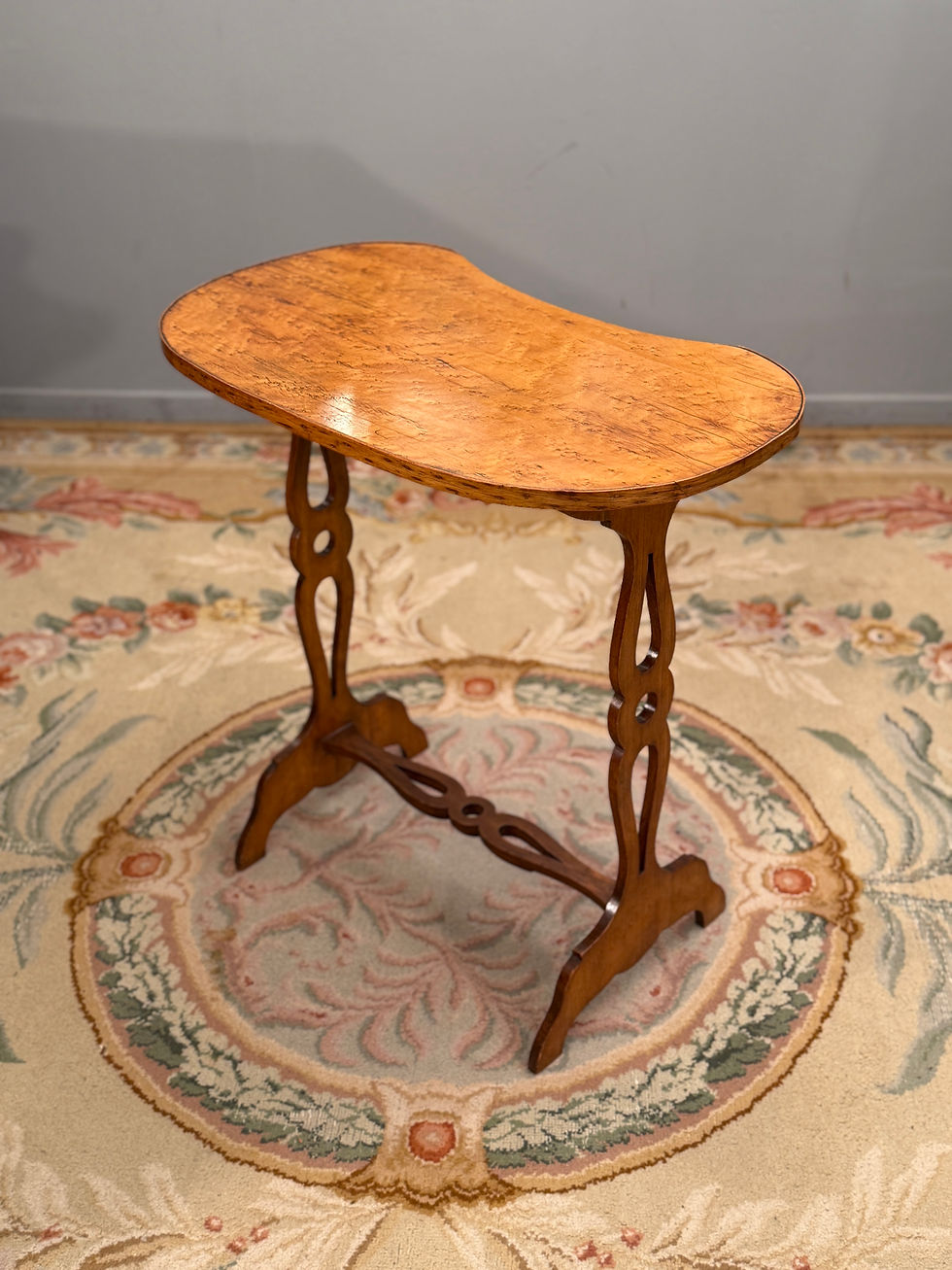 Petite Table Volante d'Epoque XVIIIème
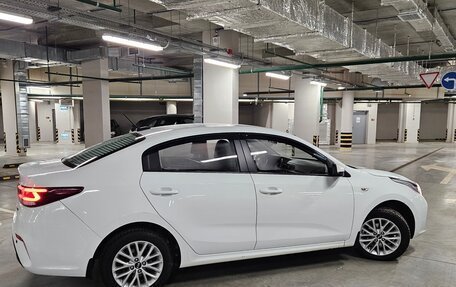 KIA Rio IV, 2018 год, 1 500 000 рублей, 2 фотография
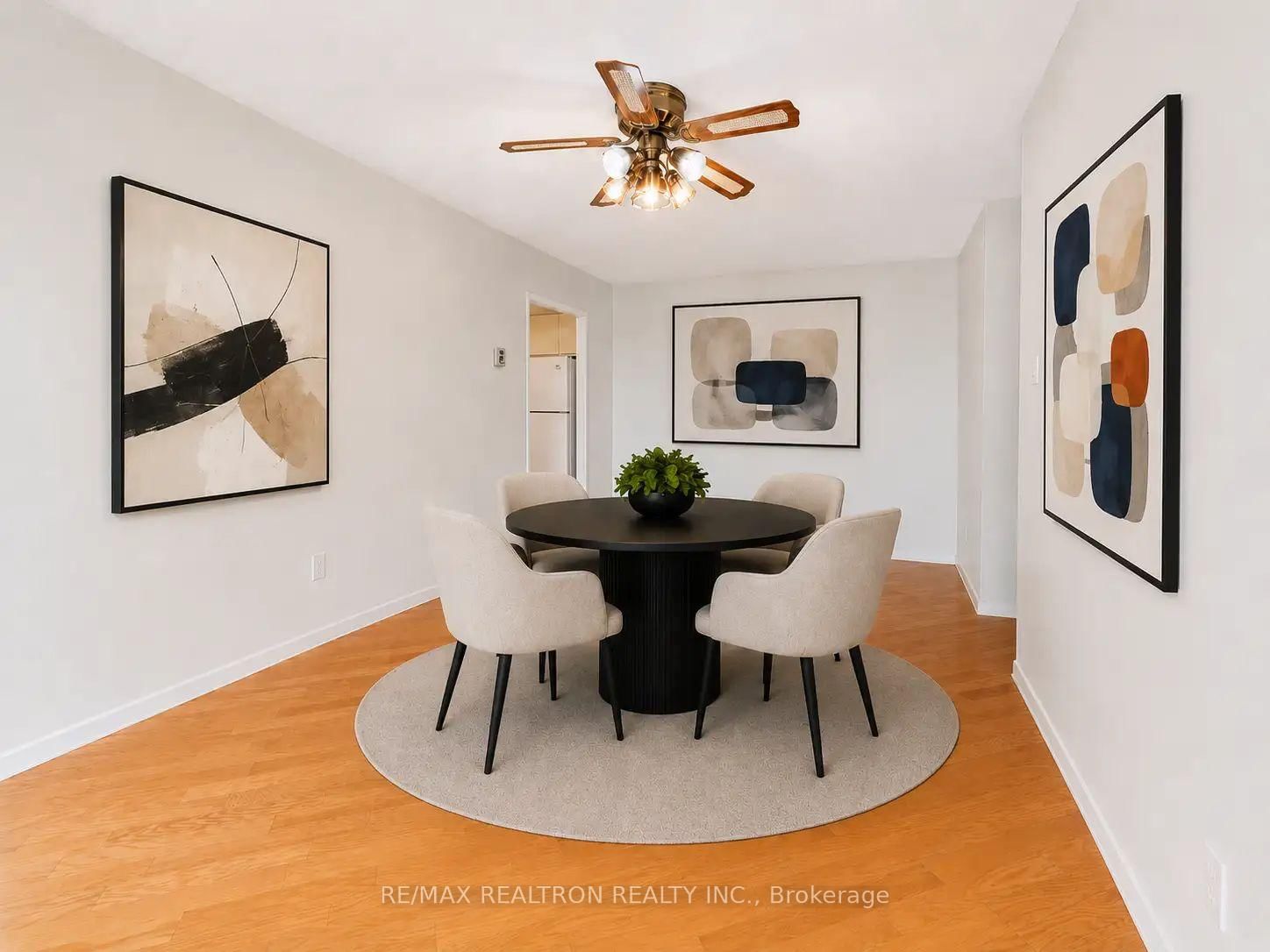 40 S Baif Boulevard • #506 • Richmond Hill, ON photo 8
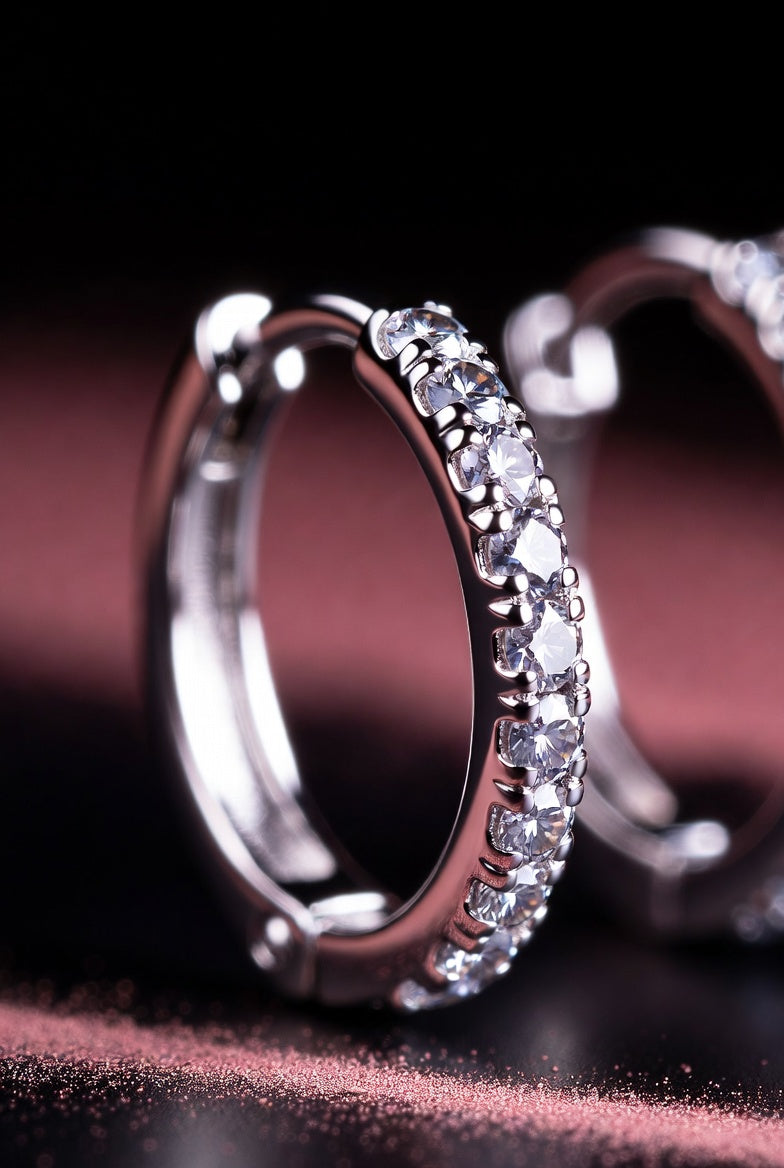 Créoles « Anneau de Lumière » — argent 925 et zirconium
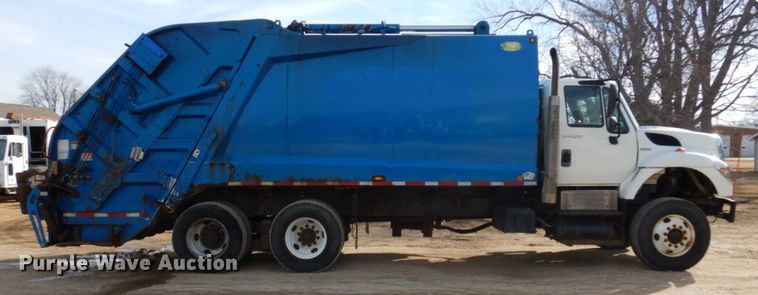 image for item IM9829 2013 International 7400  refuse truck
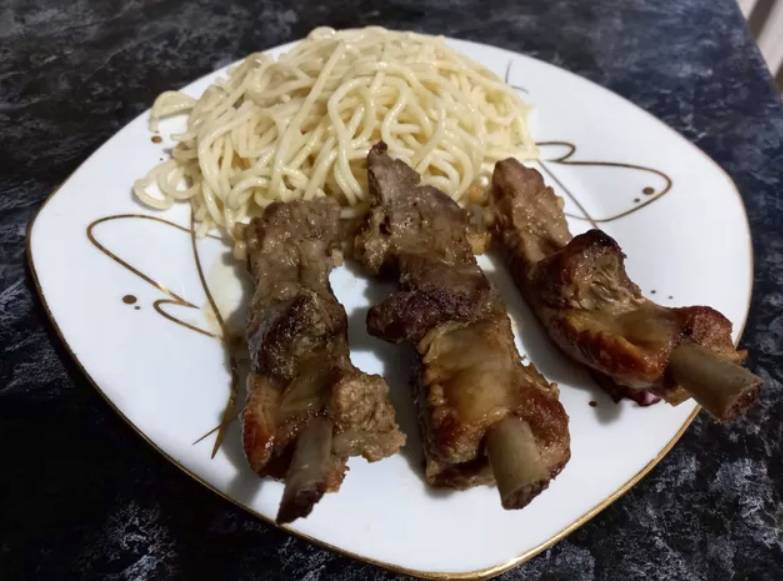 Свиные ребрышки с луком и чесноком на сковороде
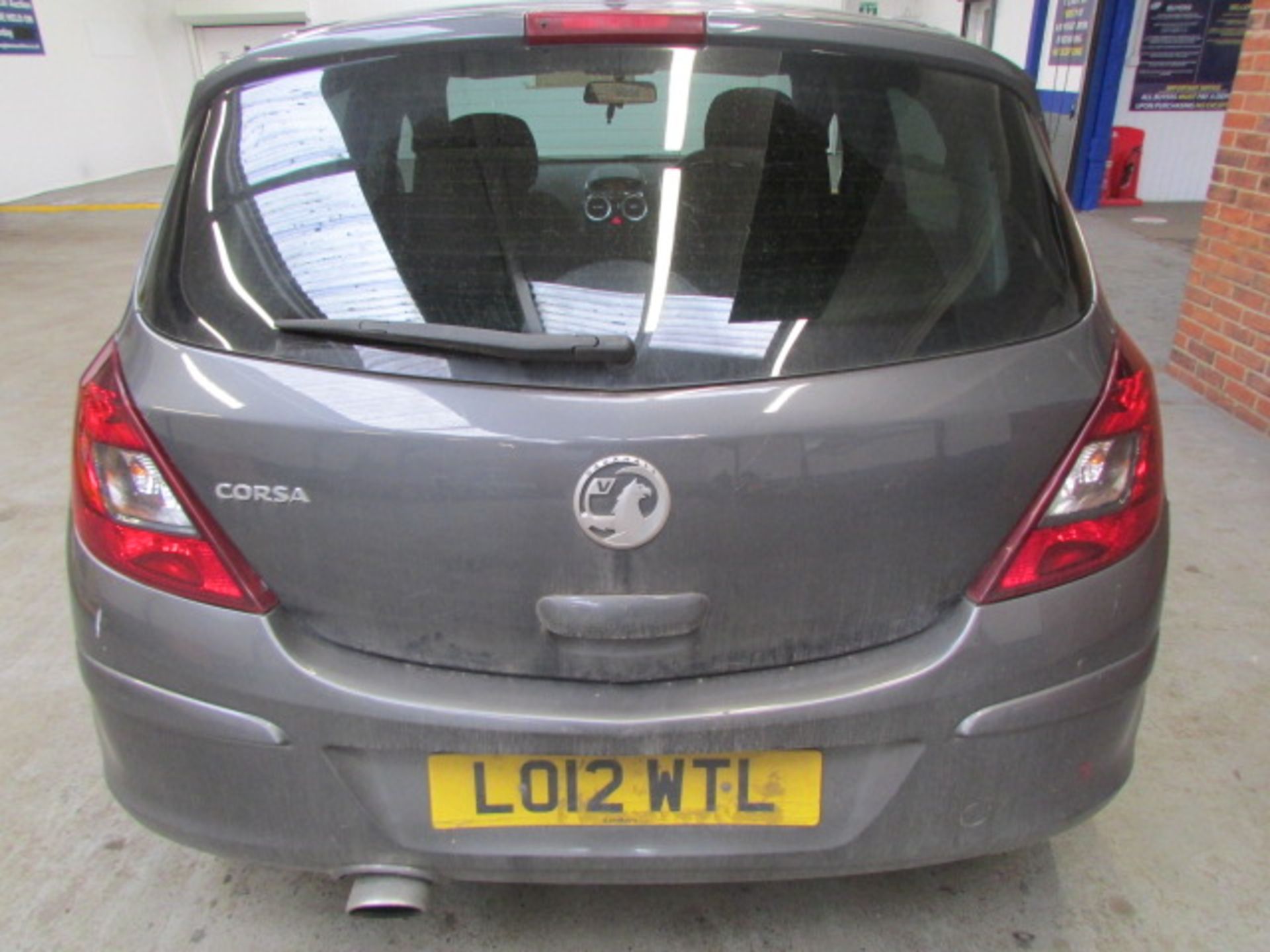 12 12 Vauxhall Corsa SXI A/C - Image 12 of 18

++++++++++++++++++++

> [About this exercise]
Please output the records exactly, leaving the pictures out.

> [Problem solution]
 Petite Table Volante d'Epoque XVIIIème
 KIA Rio IV, 2018 год, 1 500 000 рублей, 2 фотография
 40 S Baif Boulevard • #506 • Richmond Hill, ON photo 8
 Créoles « Anneau de Lumière » — argent 925 et zirconium
 image for item IM9829 2013 International 7400  refuse truck
 Свиные ребрышки с луком и чесноком на сковороде
 12 12 Vauxhall Corsa SXI A/C - Image 12 of 18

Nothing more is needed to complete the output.